= Beginning of Section =
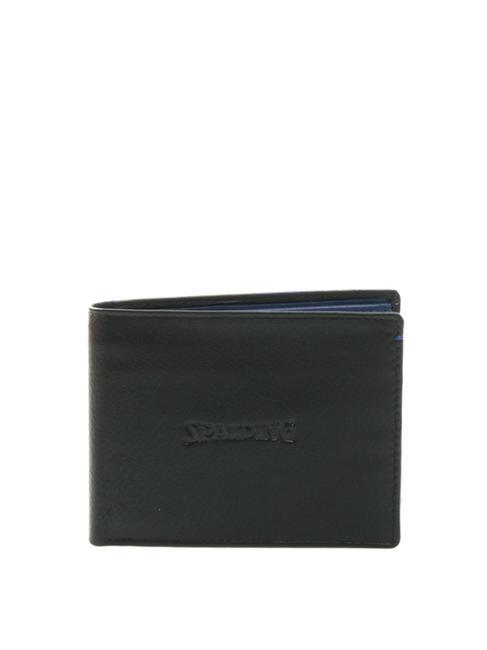 SPALDING COLOR WALLET Portfel skórzany z portmonetką czarny/granatowy - Portfele męskie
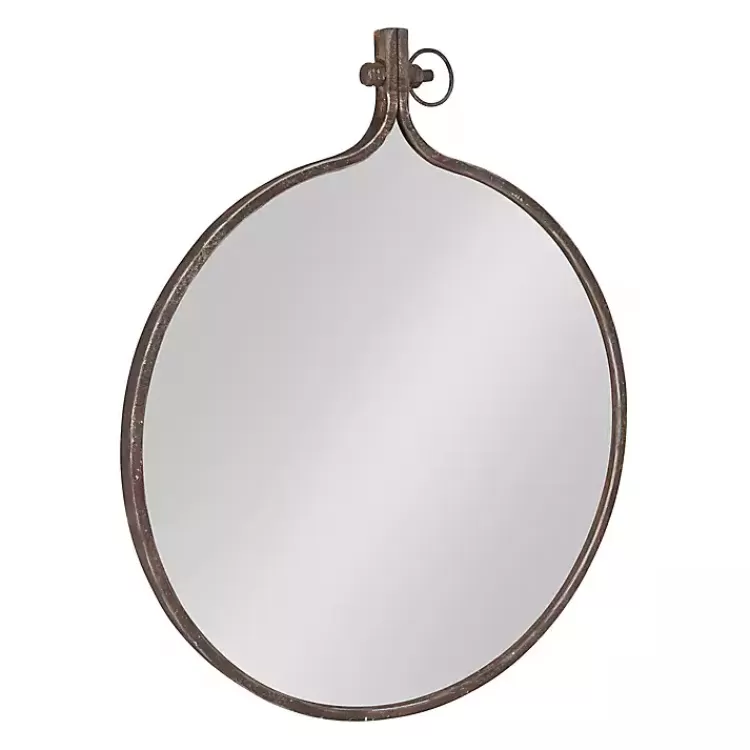 Bronze Metal Yitro Wall Mirror>Kirklands Home Store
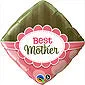 best Mother Pink and Brown Balloon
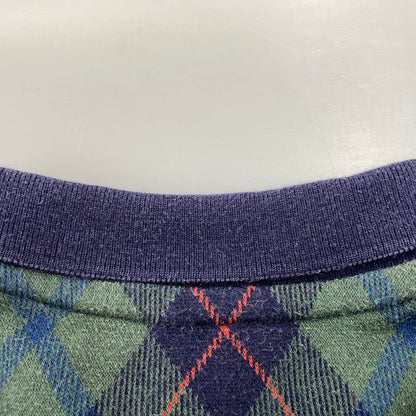【中古品】【メンズ】 LS POLO SHIRT ロングスリーブ ポロシャツ 長袖 チェック トップス 146-251207-as-11-izu サイズ：L カラー：マルチカラー 万代Net店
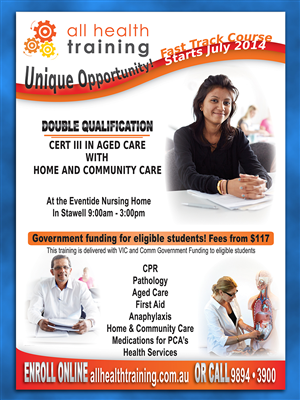 Flyer Design by byDesign Graphic Design for All Health Training | Design: #3851592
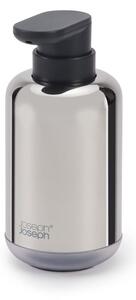 Fényes ezüstszínű rozsdamentes acél szappanadagoló 300 ml EasyStore Luxe – Joseph Joseph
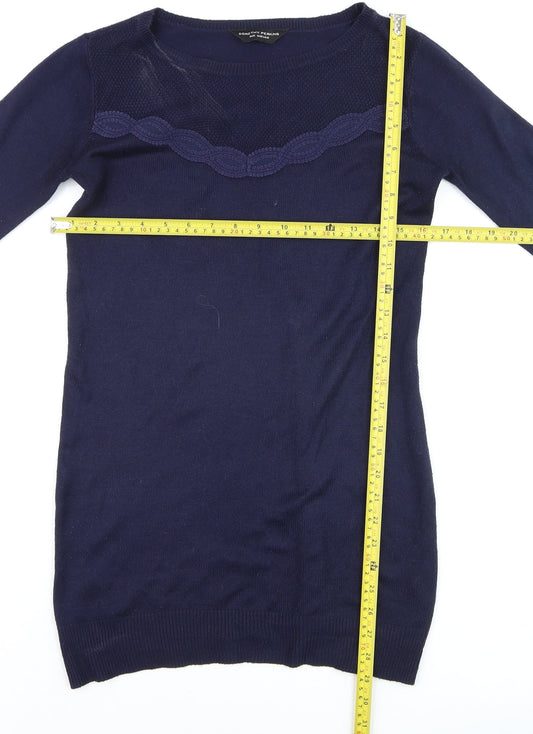 Womens UK Size 6 Dorothy Perkins Blue Pullover Jumper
= End of Section =
▸ **ACTIVITY**
Before handing back the copy, remove the pictures; otherwise print the data exactly.

▸ **YOUR RESPONSE**
 SPALDING COLOR WALLET Portfel skórzany z portmonetką czarny/granatowy - Portfele męskie
 Bronze Metal Yitro Wall Mirror>Kirklands Home Store
 best Mother Pink and Brown Balloon
【中古品】【メンズ】 LS POLO SHIRT ロングスリーブ ポロシャツ 長袖 チェック トップス 146-251207-as-11-izu サイズ：L カラー：マルチカラー 万代Net店
 Flyer Design by byDesign Graphic Design for All Health Training | Design: #3851592
 Fényes ezüstszínű rozsdamentes acél szappanadagoló 300 ml EasyStore Luxe – Joseph Joseph
 Womens UK Size 6 Dorothy Perkins Blue Pullover Jumper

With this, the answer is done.